For more examples of our impact, see our 2020 annual report
At the end of 2020, we published Beef, Banks and the Brazilian Amazon. It was the culmination of over a year of research and was our most ambitious data-driven investigation to date. Work on the report began in 2019 when the Forests and Data Investigations teams set themselves the goal of mapping Brazil’s largest beef companies’ supply chains using only public records to see if they sourced cattle from ranches associated with deforestation.
For the three previous years, auditors had awarded the beef companies in question – JBS, Marfrig and Minerva – clean bills of health. Yet, there was anecdotal evidence that the major beef companies were not playing by the rules.
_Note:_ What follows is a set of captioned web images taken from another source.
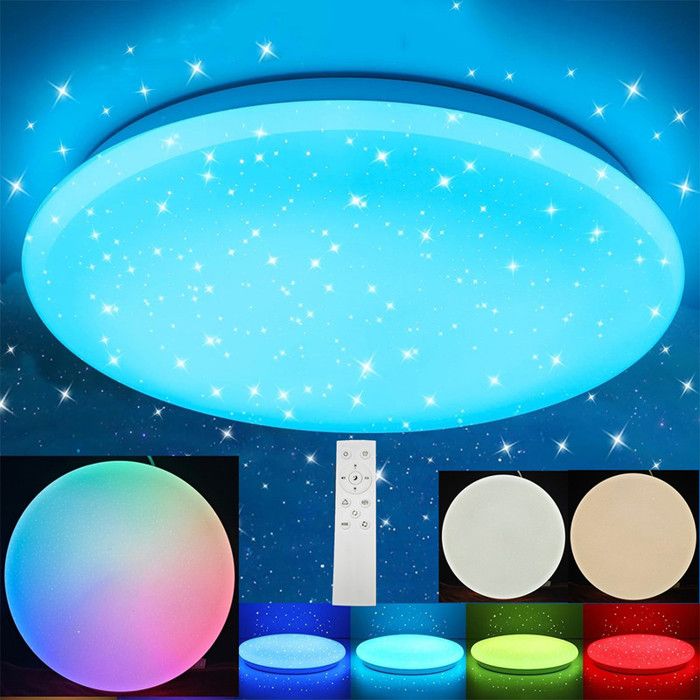 Plafonnier LED Chambre à coucher - 36W Ciel étoilé Lampe de chambre à coucher Dimmable avec télécommande Ø30cm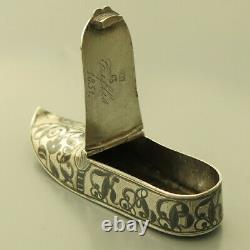 Antique Imperial Russian 84 Silver Men's Vesta Match Safe Case Niello Shoe 1851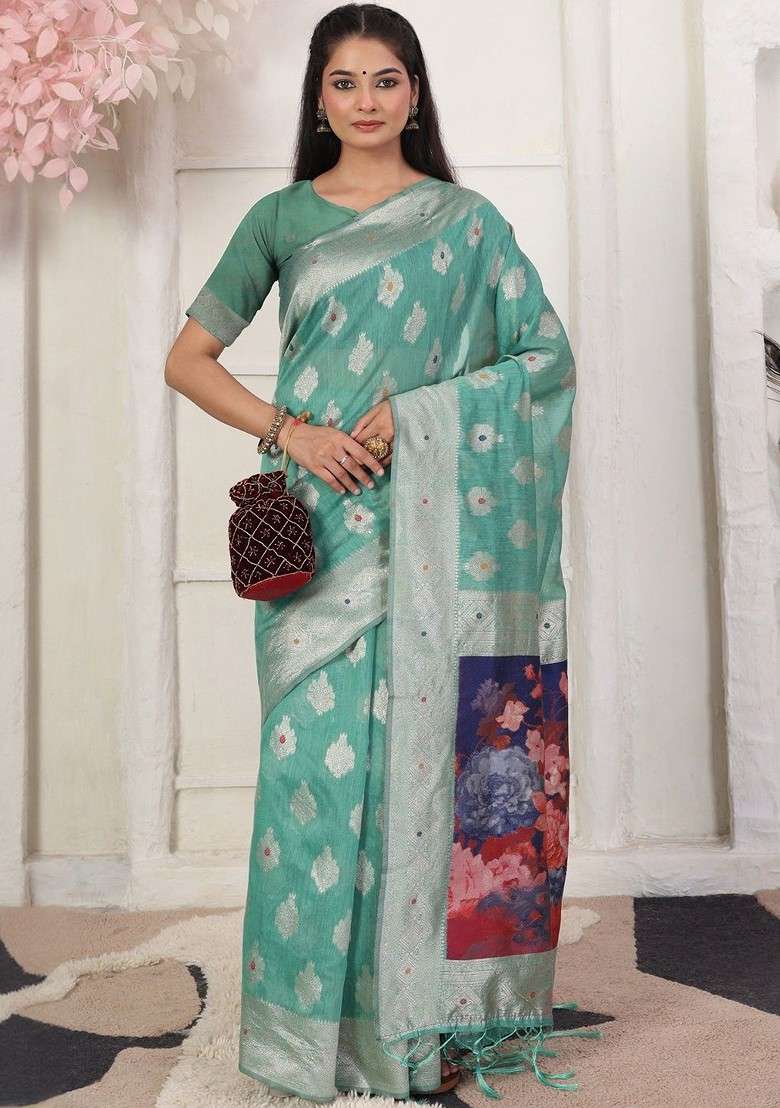 Sea Green Embroidered Blended Saree Set - Indya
Our analysis sought to take a birds-eye view of this, looking in detail at the beef companies’ supply chains within Pará, the Brazilian state with the largest cattle herd and a hotspot for deforestation.
The results were shocking. The report ultimately revealed how Brazil’s biggest beef trading companies are linked to tens of thousands of hectares of illegal deforestation. Despite the auditors saying otherwise, our analysis shows how the firms’ suppliers – both direct and indirect – are deliberately flouting the law, with the companies themselves apparently turning a blind eye.
To conduct this analysis, Global Witness’s Data Investigations Team had to build a picture of the beef traders’ supply chains. We used documents called animal transit guides (GTAs), filed by ranches with the Pará state agriculture agency when they move animals around – for example, when selling cows for slaughter or export. The GTAs are available to consult one-by-one through an online portal. By guessing the documents’ ID numbers and automating the process with a technique known as web scraping, we were able to obtain more than three million GTAs dating from 2014 to 2020.
Animal
transit guides are just one piece of the puzzle. To quantify deforestation,
Global Witness used a data set called PRODES, published by Brazil’s federal
space agency, which shows areas of deforestation detected in satellite imagery.
We then overlaid this data with information from the Pará state rural
environmental register (CAR), which shows the boundaries of ranches,
self-reported by their owners. The three data sources were combined
automatically to throw up a series of suspect ranches, which were then
investigated manually by Global Witness researchers.
The data analysis exposed the systemic nature of illegal sourcing of cattle within the Brazillian beef industry. It also proved that it’s possible to quantify deforestation in beef companies’ supply chains using publicly available data combined with free, open-source tools. The fact that Global Witness’s small Data Investigations Team was able to do this is an essential lesson for auditors, financial institutions, and the companies themselves, which sometimes claim there is insufficient data to monitor and assess environmental risk in supply chains effectively.